Au-delà de ces rapides tours d’horizon qui ne peuvent prétendre à l’exhaustivité, la véritable catastrophe en jeu ici est celle du « déracinement », dans les mots de Simone Weil14, dont chacun des écrivains fait justement l’épreuve d’un point de vue biographique et littéraire.
Situation de l’écrivain en catastrophe rurale
En ce qu’ils viennent de régions périphériques, rurales, ils puisent une certaine inspiration, sans s’y reconnaître véritablement, dans les mouvements d’avant-garde modernistes urbains. Ils leur préfèrent des traditions plus anciennes, ou mineures, ou qui se trouvent au-dehors du domaine littéraire contemporain. Ces jeunes romanciers émergent à partir d’une situation précaire entre la pression de la rentabilité pour leur survie et une ambition d’originalité littéraire au moment d’écrire les romans du corpus. Dans ce contexte, cette autre « Grande Génération » (Henri Godard15) a en commun le désir de trouver une nouvelle forme d’écriture. C’est ce que décrit Pierre Bergounioux dans Agir, écrire. L’enjeu est de rompre avec « l’appareil décontextualisé, détemporalisé de la narration » hérité d’Homère16, et plus directement avec le « regard vieillot que les romanciers mineurs, passéistes portent sur les travaux des champs, [qui] confère à ces derniers un charme qu’ils n’eurent jamais17 ». L’écrivain se détache de la littérature de la ville, et du même coup de la culture de la catastrophe qu’elle construit :
La situation de l’écrivain, qui était depuis l’origine délocalisée, donc distante, déformante, se confond avec celle qu’il s’apprête à décrire. Sa perception des faits coïncide avec « les choses mêmes », sa conscience avec « le monde effectivement éprouvé » […]. Le dénivelé que la division du travail avait créé entre l’action et l’expression, la distorsion inaperçue entre ce qui se passe et ce qu’on en pense, sont réduits par les conditions nouvelles, proprement exceptionnelles, où des hommes reprennent l’histoire au commencement, mais avec les moyens qu’on n’obtient qu’à la fin. De même que le travail paysan est accompli dans l’esprit du capitalisme, la tâche de l’écrivain, c’est-à-dire le récit de la vie, est lavée de l’ignorance corrélative de sa naissance. Pour la première fois, la littérature va être écrite du point de vue non pas de l’auteur mais des acteurs parce que les milieux séparés où ils évoluent, celui de l’action et celui de la réflexion, sont homogènes, la réfraction, entre les deux, annulée.

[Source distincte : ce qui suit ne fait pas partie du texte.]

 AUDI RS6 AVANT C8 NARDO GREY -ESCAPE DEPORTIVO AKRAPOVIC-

La représentation du « sous-prolétariat rural18 » ne proposerait rien de moins que de recommencer la littérature. L’écriture des romans de la catastrophe paysanne leur permet de dépasser le pastoralisme conventionnel et, en général, les allégeances aux traditions littéraires précédentes. Tout le défi écologique de la littérature états-unienne repose, selon Lawrence Buell, dans l’adaptation de cet imaginaire pastoral19 – qui embrasse l’ensemble des modes de mythification de la nature – à une logique de protection de la terre et du vivant, soit de passer de l’anthropocentrique à l’écocentrique, par le paysan.

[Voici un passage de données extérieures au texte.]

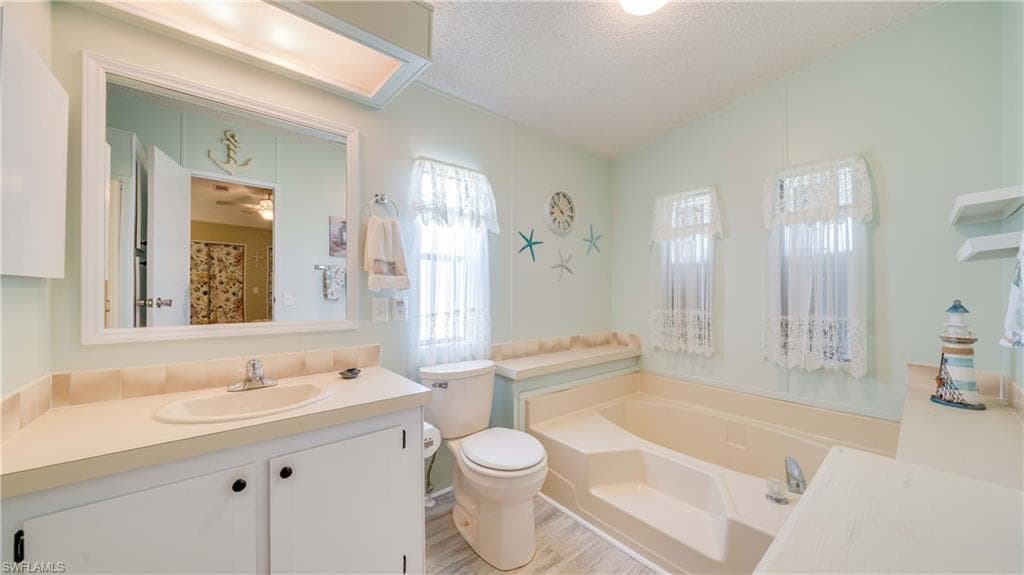 566 Horizon DR, NORTH FORT MYERS FL 33903-15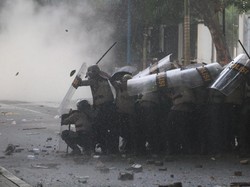 Draf RKUHP Terbaru: Hina Polri, Jaksa, DPR Dihukum 18 Bulan Penjara!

On peut poser l’hypothèse d’une généralisation de ces contextes : à partir du constat historique d’une pluralité de catastrophes paysannes pourrait s’étudier l’émergence du genre ou de la tradition20 romanesque de la catastrophe paysanne. Avec Peter Utz, on peut analyser comment la confrontation de l’« Avant » et de l’« Après » de la catastrophe transforme l’événement destructeur en œuvre esthétique dans la trame narrative. Le récit de la catastrophe, en tissant l’« Avant » au « Pendant », puis le « Pendant » à l’« Après », et ainsi l’« Avant » à l’« Après », rend intelligible la rupture catastrophique en la dépassant, et comble ainsi littérairement le vide qu’elle a laissé21.

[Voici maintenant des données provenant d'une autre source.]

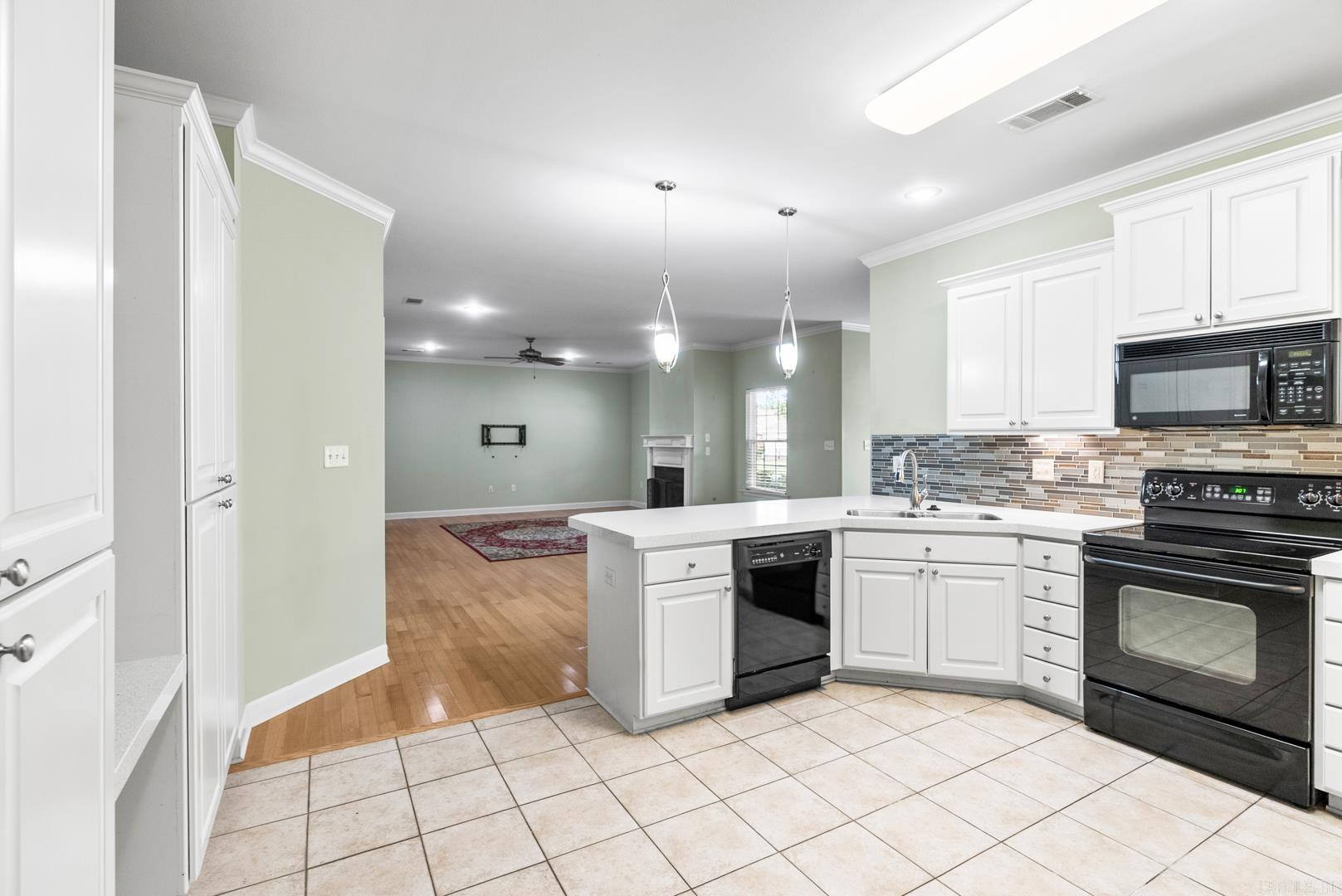 1103 Stagecoach Village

Dans cet article, on proposera un exemple d’application de cette méthode en comparant différents « Pendant », soit différentes catastrophes à partir de leur surgissement dans ces romans. Réunir ces récits dans le cadre d’une comparaison autour de l’événement catastrophique revient à faire de cet événement un véritable tournant au sein de l’économie narrative. D’autant que ce tournant catastrophique peut prendre une variété de formes, du déluge poétique, identifiable chez Glissant ou Asturias, à la sécheresse descriptive gionienne, sans négliger la possibilité d’une ellipse abyssale dans Pedro Páramo de Juan Rulfo.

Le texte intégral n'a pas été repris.